There were 348 patients included in this study with a mean age of 33.4 years (95% confidence interval [CI], 32.1 to 35.9) and a mean clinical follow-up of 12.3 months (95% CI, 10.9 to 13.8). The overall reoperation rate was 6.3%, with a revision labrum repair rate of 4.3%. Subsequent surgery and failure after arthroscopic labrum repair were significantly correlated with Workers' Compensation claims (odds ratio [OR], 4.6; P < .001; 95% CI, 1.8 to 11.7), the use of tobacco (OR, 12.0; P = .03; 95% CI, 1.2 to 114.9), and the use of absorbable poly-L/D-lactic acid (PLDLA) anchors (100% correlation, P < .001). The OR for having repeat surgery was 12.7 (95% CI, 4.9 to 32.9; P < .001) with poly-96L/4D-lactic acid (Mini-Revo; Linvatec, Largo, FL) and also increased with the use of poly-70L/30D-lactic acid (Bio-Fastak and Bio-Suturetak; Arthrex, Naples, FL) anchor material (P = .04) after removal of the patients exposed to poly-96L/4D-lactic acid anchors. The rates of repeat surgery with PLDLA anchors from Linvatec and PLDLA anchors from Arthrex were 24% and 4%, respectively. None of the patients treated with nonabsorbable suture anchors (polyether ether ketone or metallic) returned to the operating room (P < .001). After we controlled for associated factors in a multivariate analysis, the use of absorbable anchors, in particular poly-96L/4D-lactic acid anchors (OR, 14.7; P < .001), and having a work-related injury (OR, 8.1; P < .001) remained independent factors associated with both repeat surgery and revision superior labrum repair.

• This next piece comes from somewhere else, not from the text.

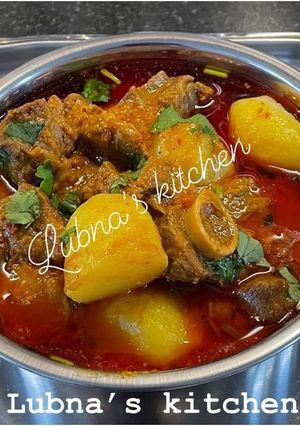 A picture of ALOO GOSHT (MUTTON/LAMB AND POTATO CURRY):.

Bioabsorbable PLDLA anchor material led to significantly more SLAP repair failures and reoperations compared with nonabsorbable suture anchors. Our recommendation is that glenoid labrum repairs be performed with nondegradable material and, specifically, that the use of anchors composed of PLDLA material should be avoided.
本研究调查了盂唇修复术后失败和再次手术的相关因素。
我们对一家机构的 2 名 fellowship 培训外科医生在 10 年内连续进行的关节镜上盂唇修复的非同期队列患者进行了研究。
本研究共纳入 348 例患者,平均年龄 33.4 岁(95%置信区间[CI],32.1 至 35.9),平均临床随访 12.3 个月(95%CI,10.9 至 13.8)。总体再手术率为 6.3%,其中 revision labrum repair 率为 4.3%。关节镜下盂唇修复术后再次手术和失败与工人赔偿索赔(比值比[OR],4.6;P <.001;95%CI,1.8 至 11.7)、烟草使用(OR,12.0;P =.03;95%CI,1.2 至 114.9)和吸收性聚 L/D-乳酸(PLDLA)锚定物的使用显著相关(100%相关性,P <.001)。再次手术的 OR 为 12.7(95%CI,4.9 至 32.9;P <.001),与聚 96L/4D-乳酸(Mini-Revo;Linvatec,Largo,FL)相关,并且当去除聚 96L/4D-乳酸锚定物暴露的患者后,使用聚 70L/30D-乳酸(Bio-Fastak 和 Bio-Suturetak;Arthrex,Naples,FL)锚定物材料时,再次手术的 OR 也增加(P =.04)。来自 Linvatec 的 PLDLA 锚和来自 Arthrex 的 PLDLA 锚的再次手术率分别为 24%和 4%。没有任何接受不可吸收缝线锚(聚醚醚酮或金属)治疗的患者返回手术室(P <.001)。在多变量分析中控制了相关因素后,可吸收锚,特别是聚 96L/4D-乳酸锚(OR,14.7;P <.001)和与工作相关的损伤(OR,8.1;P <.001)仍然是与再次手术和 revision superior labrum repair 相关的独立因素。
与不可吸收缝线锚相比,生物可吸收的 PLDLA 锚定材料导致明显更多的 SLAP 修复失败和再次手术。我们的建议是,盂唇修复应采用不可降解材料进行,特别是应避免使用由 PLDLA 材料制成的锚定物。